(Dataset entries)
[Start of section]

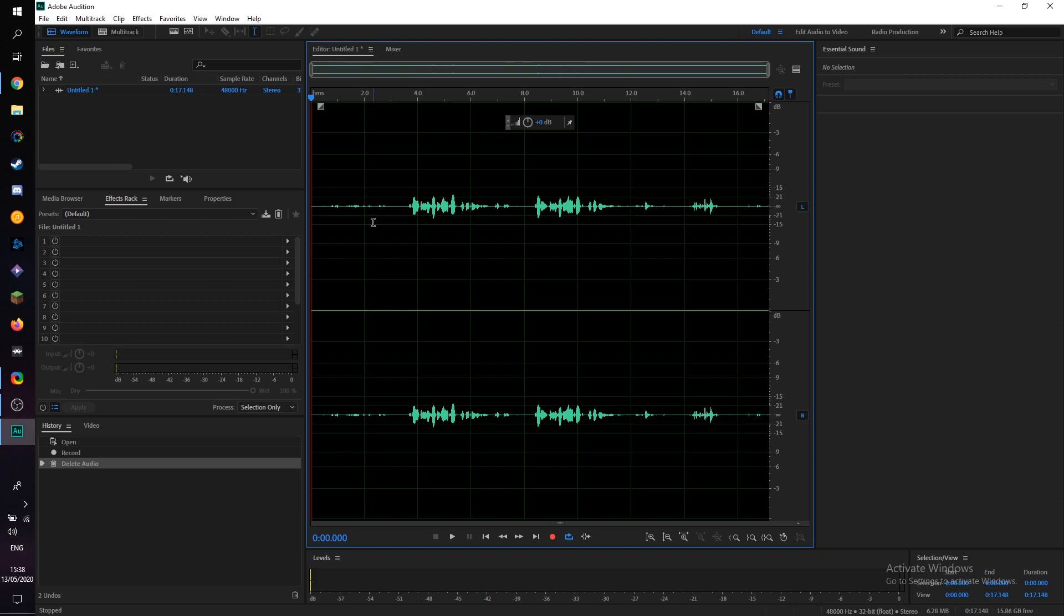Now before we start actually affecting the background noise, I will say to keep your expectations reasonable, depending on how loud your background noise is, depending on the type of background noise, will determine how good of an effect this is.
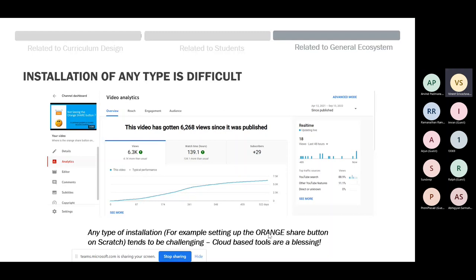From that point of view, cloud-based tools are a real blessing because I can get away from installation — be it Scratch, or Python, which we do on Replit. We considered Google Colab at one point and spoke to Arvind for advice, but went with Replit. This is quite pertinent and I was just talking to somebody two days back about this.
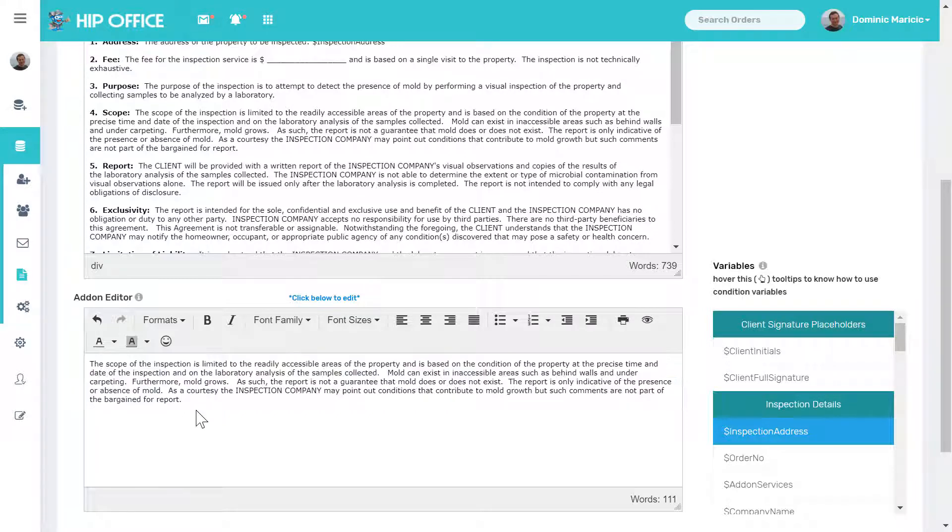If you have multiple add-ons, let's say someone chose a pool inspection and you had an add-on portion of your contract for that, then that will automatically be appended as well.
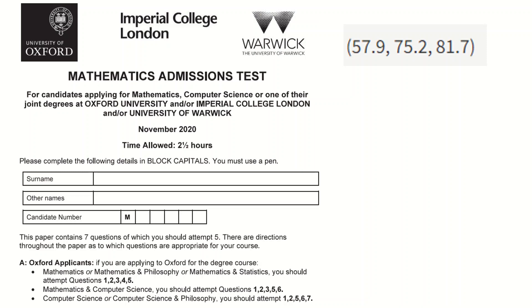This is the MAT paper from November 2020. I'm only going to do section number one in this video, which is the first 10 multiple choice questions, which are worth 40 out of the 100 marks in this paper.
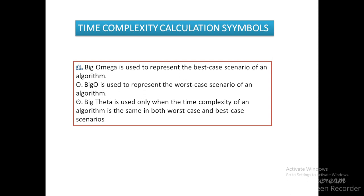So in the big O which is the worst case scenario, say we given 1000 elements to sort and they are very much distributed and requires a lot of time to swap and provide the sorting to sort those elements. So that is the worst case scenario and big theta is in between best case and worst case.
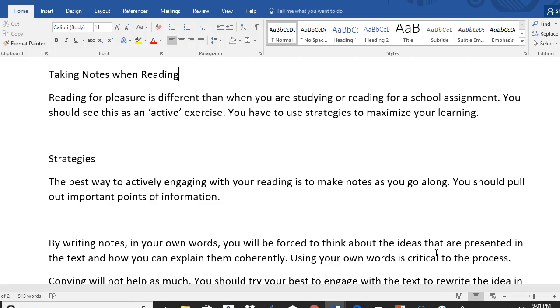Last week we discussed the overarching ideas for history and this week we're going to extend our discussion on note taking. I want to start with taking notes when reading. Reading for pleasure is very different than when you're studying or when you're trying to remember information. This is actually an active exercise what we do in this class. So I'm going to go over a few strategies that I need you to use when you're taking notes.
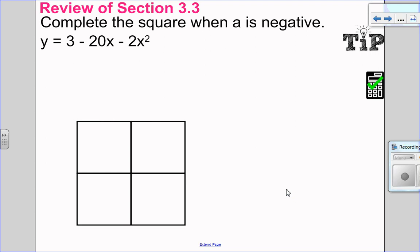Hello, Matthews Gatos here. In this video, we're going to cover solving word problems with completing the square. But before we get into that, I want to review completing the square.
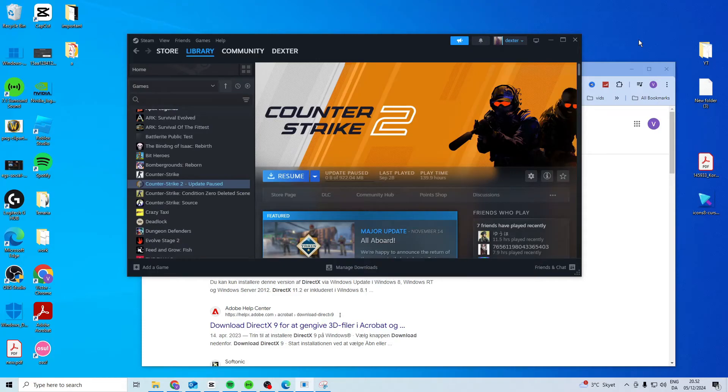In this video I'll show you how you can fix the CS2 'This application requires DX11' error.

[End of section]

● What is being asked
Above are entries with pictures among them. Write out exactly the lines from the one containing "This is the" through the one containing "Hello, Matthews Gatos", ends included, and leave those pictures out.

● Completed task
This is the MAT paper from November 2020. I'm only going to do section number one in this video, which is the first 10 multiple choice questions, which are worth 40 out of the 100 marks in this paper.
So in the big O which is the worst case scenario, say we given 1000 elements to sort and they are very much distributed and requires a lot of time to swap and provide the sorting to sort those elements. So that is the worst case scenario and big theta is in between best case and worst case.
Last week we discussed the overarching ideas for history and this week we're going to extend our discussion on note taking. I want to start with taking notes when reading. Reading for pleasure is very different than when you're studying or when you're trying to remember information. This is actually an active exercise what we do in this class. So I'm going to go over a few strategies that I need you to use when you're taking notes.
Hello, Matthews Gatos here. In this video, we're going to cover solving word problems with completing the square. But before we get into that, I want to review completing the square.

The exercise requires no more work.